- **Task**
Transcribe the stretch of entries below from the line with "HG Limpiador de Moho en Spray 0.5l." through the line with "Inhome Central Studio", exactly and with both ends included; leave out all other lines.
Start of Records shown
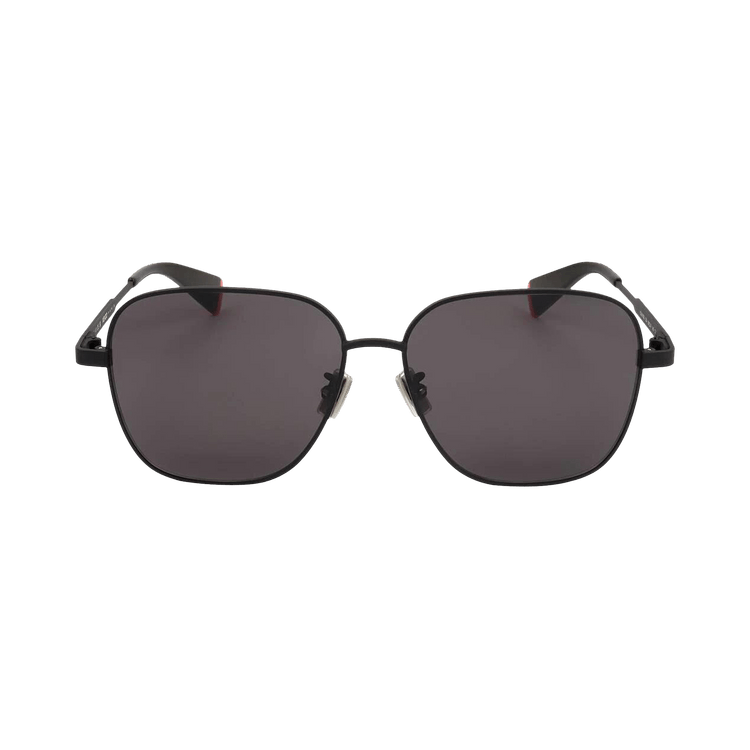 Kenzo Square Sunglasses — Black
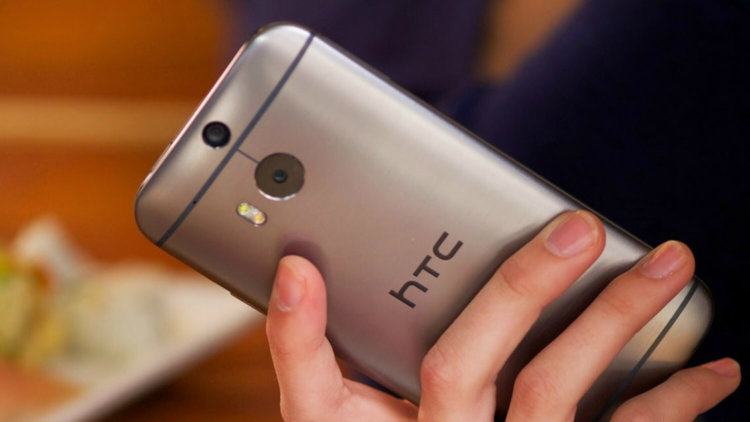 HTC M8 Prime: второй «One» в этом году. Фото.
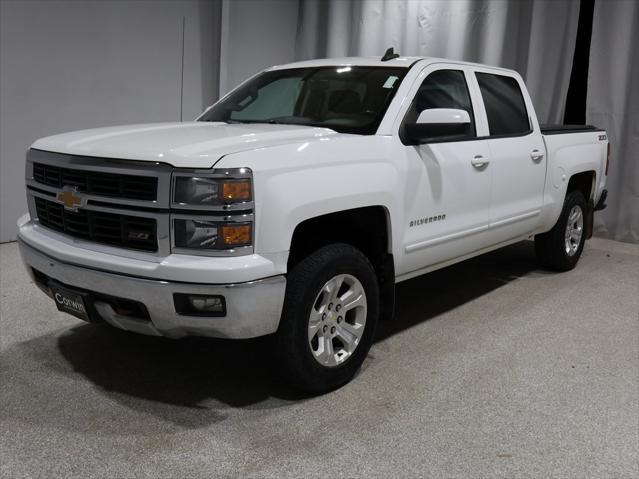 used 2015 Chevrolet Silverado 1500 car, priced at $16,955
End of Records shown
Start of Records shown
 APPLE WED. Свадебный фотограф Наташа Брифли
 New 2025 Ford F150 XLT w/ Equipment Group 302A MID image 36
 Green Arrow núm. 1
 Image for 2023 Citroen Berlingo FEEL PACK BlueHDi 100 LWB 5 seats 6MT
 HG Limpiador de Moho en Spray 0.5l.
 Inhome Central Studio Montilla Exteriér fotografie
End of Records shown
- **Result**
 HG Limpiador de Moho en Spray 0.5l.
 Inhome Central Studio Montilla Exteriér fotografie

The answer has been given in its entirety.